A health worker prepares a H1N1 flu vaccine during a health operation for victims of the February 27 earthquake, at a camp in Penco town April 13, 2010.

Credit: Reuters/Jose Luis Saavedra

HONG KONG | Mon May 31, 2010 10:23am EDT

HONG KONG (Reuters) - Scientists have identified a chemical compound that can stop the H5N1 bird flu virus as well as seasonal human flu viruses from replicating.

Finding new flu drugs is essential as flu viruses mutate and are adept at evading the limited array of antiviral drugs.

In a paper published in Nature Biotechnology, scientists from Hong Kong and Canada said they had found a chemical "nucleozin," which fought off both seasonal flu viruses and the H5N1 in mice as well as in cell culture.

"We have now brand-new weapons to combat influenza virus resistant to ... (antiviral drugs like) oseltamivir and zanamivir," said microbiologist Richard Yao at the University of Hong Kong, who led the study.

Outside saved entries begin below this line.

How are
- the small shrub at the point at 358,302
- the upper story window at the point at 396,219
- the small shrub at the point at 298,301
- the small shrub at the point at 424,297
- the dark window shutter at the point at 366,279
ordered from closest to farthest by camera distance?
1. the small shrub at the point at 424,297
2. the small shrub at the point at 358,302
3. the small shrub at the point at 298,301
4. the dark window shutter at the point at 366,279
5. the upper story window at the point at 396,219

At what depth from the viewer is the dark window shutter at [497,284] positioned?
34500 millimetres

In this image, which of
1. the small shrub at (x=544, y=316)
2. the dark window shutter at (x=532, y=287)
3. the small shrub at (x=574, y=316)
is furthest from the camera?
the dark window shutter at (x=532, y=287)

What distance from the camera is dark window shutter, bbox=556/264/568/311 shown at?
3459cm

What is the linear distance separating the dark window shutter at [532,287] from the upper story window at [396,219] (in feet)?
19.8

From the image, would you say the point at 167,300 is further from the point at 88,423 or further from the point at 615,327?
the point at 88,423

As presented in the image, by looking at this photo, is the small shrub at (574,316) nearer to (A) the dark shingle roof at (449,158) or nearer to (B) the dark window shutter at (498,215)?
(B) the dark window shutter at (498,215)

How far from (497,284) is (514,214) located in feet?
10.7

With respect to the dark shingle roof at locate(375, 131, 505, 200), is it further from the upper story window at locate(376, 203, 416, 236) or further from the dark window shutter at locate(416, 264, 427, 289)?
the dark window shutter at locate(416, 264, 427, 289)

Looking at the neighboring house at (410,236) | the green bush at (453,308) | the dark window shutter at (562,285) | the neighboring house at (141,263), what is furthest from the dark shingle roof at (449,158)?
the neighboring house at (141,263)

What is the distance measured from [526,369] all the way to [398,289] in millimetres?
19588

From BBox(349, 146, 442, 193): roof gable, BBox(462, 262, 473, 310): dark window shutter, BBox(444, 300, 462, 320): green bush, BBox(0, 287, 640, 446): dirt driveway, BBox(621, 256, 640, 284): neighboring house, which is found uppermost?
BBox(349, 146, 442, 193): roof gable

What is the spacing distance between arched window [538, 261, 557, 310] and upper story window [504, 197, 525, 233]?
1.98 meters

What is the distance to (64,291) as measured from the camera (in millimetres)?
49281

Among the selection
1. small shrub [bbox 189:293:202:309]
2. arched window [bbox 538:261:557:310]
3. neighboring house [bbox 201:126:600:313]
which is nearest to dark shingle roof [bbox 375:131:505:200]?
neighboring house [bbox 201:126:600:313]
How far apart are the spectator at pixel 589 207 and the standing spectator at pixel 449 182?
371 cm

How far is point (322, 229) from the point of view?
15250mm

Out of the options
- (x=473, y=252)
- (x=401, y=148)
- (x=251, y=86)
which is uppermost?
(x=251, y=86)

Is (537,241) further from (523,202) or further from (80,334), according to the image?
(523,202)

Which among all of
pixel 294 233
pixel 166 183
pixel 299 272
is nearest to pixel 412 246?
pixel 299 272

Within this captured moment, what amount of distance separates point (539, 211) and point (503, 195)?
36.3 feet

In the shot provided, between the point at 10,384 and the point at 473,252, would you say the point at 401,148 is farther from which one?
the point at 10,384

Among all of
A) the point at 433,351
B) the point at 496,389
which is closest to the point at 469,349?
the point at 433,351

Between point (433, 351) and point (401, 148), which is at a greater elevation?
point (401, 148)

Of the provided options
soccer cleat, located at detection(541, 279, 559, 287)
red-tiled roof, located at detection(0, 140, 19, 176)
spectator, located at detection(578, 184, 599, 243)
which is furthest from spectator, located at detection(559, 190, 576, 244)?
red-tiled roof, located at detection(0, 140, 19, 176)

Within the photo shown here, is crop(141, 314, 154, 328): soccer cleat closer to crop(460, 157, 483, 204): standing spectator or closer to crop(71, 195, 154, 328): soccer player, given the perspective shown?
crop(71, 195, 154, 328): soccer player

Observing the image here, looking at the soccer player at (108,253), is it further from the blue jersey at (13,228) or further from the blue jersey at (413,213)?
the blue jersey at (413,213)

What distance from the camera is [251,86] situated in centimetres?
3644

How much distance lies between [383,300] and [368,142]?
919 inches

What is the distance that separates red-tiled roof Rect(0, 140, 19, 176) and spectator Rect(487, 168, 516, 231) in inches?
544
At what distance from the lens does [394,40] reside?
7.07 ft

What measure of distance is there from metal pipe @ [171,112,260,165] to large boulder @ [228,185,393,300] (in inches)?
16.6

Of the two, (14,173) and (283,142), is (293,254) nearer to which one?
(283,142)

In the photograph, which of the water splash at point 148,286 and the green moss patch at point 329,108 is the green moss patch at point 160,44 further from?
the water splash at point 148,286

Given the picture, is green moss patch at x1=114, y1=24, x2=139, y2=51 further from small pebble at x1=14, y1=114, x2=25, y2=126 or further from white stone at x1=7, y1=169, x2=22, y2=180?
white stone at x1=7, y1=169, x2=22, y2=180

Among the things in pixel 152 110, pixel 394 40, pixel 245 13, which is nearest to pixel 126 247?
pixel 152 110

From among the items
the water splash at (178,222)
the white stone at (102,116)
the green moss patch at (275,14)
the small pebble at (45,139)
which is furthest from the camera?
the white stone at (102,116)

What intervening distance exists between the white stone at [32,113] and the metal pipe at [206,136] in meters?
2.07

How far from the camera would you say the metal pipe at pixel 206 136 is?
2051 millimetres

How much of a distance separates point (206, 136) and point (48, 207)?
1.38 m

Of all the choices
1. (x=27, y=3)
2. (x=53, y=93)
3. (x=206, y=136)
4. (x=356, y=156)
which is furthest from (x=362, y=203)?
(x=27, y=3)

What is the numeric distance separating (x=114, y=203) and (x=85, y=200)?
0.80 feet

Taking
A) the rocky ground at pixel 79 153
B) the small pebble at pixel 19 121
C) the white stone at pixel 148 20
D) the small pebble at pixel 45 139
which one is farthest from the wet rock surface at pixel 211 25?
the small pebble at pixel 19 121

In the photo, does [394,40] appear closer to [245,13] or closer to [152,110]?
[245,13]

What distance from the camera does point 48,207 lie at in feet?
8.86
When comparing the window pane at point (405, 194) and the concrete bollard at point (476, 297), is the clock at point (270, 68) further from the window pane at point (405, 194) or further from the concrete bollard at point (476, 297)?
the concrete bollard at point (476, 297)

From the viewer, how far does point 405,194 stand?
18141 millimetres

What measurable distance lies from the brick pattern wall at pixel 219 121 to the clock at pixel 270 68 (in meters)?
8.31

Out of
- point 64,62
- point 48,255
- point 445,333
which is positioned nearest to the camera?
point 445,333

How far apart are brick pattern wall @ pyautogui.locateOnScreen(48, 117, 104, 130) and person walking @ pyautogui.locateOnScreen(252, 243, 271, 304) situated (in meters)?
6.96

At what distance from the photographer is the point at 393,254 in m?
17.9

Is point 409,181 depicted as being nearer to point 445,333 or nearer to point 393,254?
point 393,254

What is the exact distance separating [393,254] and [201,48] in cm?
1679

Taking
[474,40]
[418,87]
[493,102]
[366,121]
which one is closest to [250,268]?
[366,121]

Nearly all of the seasonal H1N1 viruses circulating in the United States in the 2008-2009 flu season were resistant to Roche AG and Gilead Sciences Inc's Tamiflu, known generically as oseltamivir, according to the paper.

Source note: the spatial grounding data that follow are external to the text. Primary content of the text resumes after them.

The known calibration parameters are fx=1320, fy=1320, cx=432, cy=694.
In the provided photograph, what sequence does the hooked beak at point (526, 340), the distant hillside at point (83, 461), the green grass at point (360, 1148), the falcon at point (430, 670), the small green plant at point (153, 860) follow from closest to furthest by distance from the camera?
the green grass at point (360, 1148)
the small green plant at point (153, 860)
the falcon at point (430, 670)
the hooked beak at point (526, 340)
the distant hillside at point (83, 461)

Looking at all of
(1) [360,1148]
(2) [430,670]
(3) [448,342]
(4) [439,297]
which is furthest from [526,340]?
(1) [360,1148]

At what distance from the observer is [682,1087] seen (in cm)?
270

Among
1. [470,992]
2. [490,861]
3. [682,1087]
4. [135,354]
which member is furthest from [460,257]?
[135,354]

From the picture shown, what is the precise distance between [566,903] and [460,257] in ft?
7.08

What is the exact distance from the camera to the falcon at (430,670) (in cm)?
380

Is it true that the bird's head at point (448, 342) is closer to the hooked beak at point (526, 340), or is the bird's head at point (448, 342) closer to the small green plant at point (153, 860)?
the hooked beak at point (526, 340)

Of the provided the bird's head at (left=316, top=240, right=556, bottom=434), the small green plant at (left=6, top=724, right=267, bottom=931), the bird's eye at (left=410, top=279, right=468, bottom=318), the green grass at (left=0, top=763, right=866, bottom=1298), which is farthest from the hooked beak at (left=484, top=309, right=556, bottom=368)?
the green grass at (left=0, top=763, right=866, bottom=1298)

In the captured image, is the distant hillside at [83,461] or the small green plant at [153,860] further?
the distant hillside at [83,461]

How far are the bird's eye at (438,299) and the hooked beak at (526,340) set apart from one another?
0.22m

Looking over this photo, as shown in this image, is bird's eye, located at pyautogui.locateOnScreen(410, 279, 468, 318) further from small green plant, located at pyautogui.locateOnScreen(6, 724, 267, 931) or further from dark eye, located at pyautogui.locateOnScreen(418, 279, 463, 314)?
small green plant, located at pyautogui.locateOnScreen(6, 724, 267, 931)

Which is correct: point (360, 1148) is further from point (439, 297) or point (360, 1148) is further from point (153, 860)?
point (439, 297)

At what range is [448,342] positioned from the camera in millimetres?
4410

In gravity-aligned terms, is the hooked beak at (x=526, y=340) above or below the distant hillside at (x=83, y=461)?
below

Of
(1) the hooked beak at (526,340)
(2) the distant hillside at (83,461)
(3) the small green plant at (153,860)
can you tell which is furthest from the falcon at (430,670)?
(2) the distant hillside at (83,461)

Adamantanes, an older class of drugs, was also powerless against seasonal H3N2 flu viruses in the United States during that same period.

Zanamivir is the generic name for Relenza, GlaxoSmithKline and Biota Inc's flu drug

Nucleozin targeted a protein in flu viruses, called nucleoprotein, that was responsible for virus replication, Yao said in reply to questions from Reuters.

Yao said they selected nucleozin from a chemical library with more than 50,000 compounds, the same library which experts here used to study the SARS virus.

"Nucleozin is highly potent in cell culture and also in mice infected with the highly pathogenic influenza virus H5N1 ... (it can) stop the virus from replicating," Yao said.

The compound was effective against H1N1, H3N2, and H5N1 viruses and researchers can now target nucleoprotein to fight flu, Yao said.

"Scientists could now use nucleoprotein as a target to develop antiviral therapeutics for the treatment of influenza infection," he said.

A cousin of the new H1N1 swine flu virus, the seasonal H1N1, has been circulating widely for a long time. SARS surfaced in southern China in 2003, killing about 800 people world-wide.

The H5N1, although mainly a disease in birds, has a mortality rate of 60 percent on the rare occasions when it infects people. It was first discovered in people in 1997.